Tuesday, September 27, 2016

Big news coming soon

but in the meantime, look at Emma all tuckered out after a hike up the Scheuerberg.

Thursday, September 15, 2016

Dear Enfranchised Berliners,

Please don't do anything stupid this weekend. I'm not going to name any names but you know whom not to vote for. Americans, we'll talk about this again in November.

Wednesday, September 7, 2016


I just saw how teenage angsty the intro to my reading sample (on the right) sounds. Luckily, freado's being redesigned so I can't change or delete it for now. Note to self: Read things aloud first to gauge approximate level of embarrassingness.

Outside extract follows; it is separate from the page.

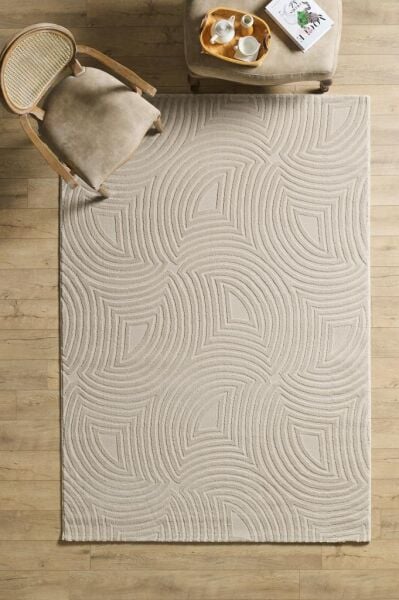 Motifli Bej Modern Yumuşak Polipropilen Jüt Halı Salon Oturma Odası Yolluk Mutfak Koridor Halısı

Wednesday, August 10, 2016

Just saying...

it's really hard to find out where you can adjust the font in blogger. Or maybe it's just me. You know when you google something so obvious there are no pages explaining it? Anyway, light purple was so five years ago. Now I have this slightly less ugly blue. Enjoy! And no, I'm not procrastinating on this factory equipment translation. At all.

Friday, May 20, 2016

Out now: BlazeVOX Spring 2016

Check out the latest issue of BlazeVOX, featuring my short story "Kitty" and a lot of great work by talented writers. Plus, it's free. All you have to do is click here.

Wednesday, May 11, 2016

@ Berlin Re: Iced Lattes

So rather than talk about important life events like pets and vacay, I'd like to air a grievance. Maybe it's apropos of that frivolous suit where that woman thought Starbucks put too much ice in her drink, or maybe it's been bothering me for a couple years now. And that grievance is called Latte On The Rocks. Because yes, that's what someone somewhere in Berlin decided was going to be the official German word for lukewarm, watery coffee with no remnants of ice in it by the time it's served to you. I was fine with it when there were no iced lattes, of course. They aren't native to Germany the way Eiskaffee with ice cream in it is. But then LOTR appeared on cafe menus all over town, giving me false hopes of a refreshingly cold espresso beverage. If anything, this drink should be called latte on the ROCK, because you're really lucky if there's ever more than one ice cube in your cup. But that wouldn't be the end of the world if you weren't pouring scalding liquids onto that one sad and lonely ice cube. Because yes, for some reason, everyone feels like you really need to steam and froth the milk that's going into what's supposed to be a cold drink. Honestly, I feel like some people should see how they like a tepid latte on one rock before they take Starbucks to court. And yes, this blog post IS as frivolous as that suit. But also doesn't come with any court costs.